───── PROVIDED ENTRIES

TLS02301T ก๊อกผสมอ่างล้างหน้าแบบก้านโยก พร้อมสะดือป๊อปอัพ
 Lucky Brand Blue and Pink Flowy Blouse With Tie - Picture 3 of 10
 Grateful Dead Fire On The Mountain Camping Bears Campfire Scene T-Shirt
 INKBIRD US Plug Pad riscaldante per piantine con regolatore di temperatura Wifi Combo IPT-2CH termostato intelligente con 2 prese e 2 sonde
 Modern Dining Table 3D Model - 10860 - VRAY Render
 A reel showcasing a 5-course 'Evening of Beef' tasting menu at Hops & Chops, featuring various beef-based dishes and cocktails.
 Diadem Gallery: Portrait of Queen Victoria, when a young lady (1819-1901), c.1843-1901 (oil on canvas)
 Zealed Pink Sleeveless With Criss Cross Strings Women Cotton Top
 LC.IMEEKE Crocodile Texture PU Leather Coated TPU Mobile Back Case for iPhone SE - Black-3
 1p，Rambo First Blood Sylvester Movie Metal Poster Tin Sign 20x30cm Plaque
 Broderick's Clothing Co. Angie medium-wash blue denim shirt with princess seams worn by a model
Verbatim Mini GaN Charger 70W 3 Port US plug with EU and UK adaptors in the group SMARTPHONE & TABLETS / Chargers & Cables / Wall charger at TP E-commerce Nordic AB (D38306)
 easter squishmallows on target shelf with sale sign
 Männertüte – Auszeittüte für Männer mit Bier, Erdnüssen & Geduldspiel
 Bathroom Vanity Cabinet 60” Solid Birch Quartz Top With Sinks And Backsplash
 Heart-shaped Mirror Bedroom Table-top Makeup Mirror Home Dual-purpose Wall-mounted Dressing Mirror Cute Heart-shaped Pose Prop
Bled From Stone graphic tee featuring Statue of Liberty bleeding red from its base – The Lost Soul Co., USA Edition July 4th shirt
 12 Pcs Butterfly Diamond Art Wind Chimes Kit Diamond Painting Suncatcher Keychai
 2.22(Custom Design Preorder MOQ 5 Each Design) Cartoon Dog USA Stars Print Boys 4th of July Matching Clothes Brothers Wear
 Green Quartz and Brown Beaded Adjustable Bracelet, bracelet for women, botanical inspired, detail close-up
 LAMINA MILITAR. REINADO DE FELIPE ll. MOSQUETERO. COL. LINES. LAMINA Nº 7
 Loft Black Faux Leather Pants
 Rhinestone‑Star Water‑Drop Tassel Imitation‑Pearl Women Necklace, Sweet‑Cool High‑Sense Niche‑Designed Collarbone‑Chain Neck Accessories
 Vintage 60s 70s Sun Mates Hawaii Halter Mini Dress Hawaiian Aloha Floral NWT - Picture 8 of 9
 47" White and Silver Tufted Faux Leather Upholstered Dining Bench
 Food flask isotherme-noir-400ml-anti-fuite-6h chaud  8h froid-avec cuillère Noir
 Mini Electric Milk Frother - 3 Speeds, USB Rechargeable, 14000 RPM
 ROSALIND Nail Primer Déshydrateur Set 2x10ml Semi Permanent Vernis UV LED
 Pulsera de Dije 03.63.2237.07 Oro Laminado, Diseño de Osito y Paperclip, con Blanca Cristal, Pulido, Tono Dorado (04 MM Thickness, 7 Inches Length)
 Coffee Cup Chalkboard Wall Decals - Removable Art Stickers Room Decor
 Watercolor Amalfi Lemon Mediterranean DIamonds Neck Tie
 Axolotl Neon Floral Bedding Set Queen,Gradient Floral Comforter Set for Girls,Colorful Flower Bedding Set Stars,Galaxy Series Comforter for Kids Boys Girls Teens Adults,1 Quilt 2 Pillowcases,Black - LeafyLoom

──────────

Give an exact reproduction of the lines from the one with "Mini Electric Milk" to the final line of the entries, including both.

| EXERCISE ANSWER |
 Mini Electric Milk Frother - 3 Speeds, USB Rechargeable, 14000 RPM
 ROSALIND Nail Primer Déshydrateur Set 2x10ml Semi Permanent Vernis UV LED
 Pulsera de Dije 03.63.2237.07 Oro Laminado, Diseño de Osito y Paperclip, con Blanca Cristal, Pulido, Tono Dorado (04 MM Thickness, 7 Inches Length)
 Coffee Cup Chalkboard Wall Decals - Removable Art Stickers Room Decor
 Watercolor Amalfi Lemon Mediterranean DIamonds Neck Tie
 Axolotl Neon Floral Bedding Set Queen,Gradient Floral Comforter Set for Girls,Colorful Flower Bedding Set Stars,Galaxy Series Comforter for Kids Boys Girls Teens Adults,1 Quilt 2 Pillowcases,Black - LeafyLoom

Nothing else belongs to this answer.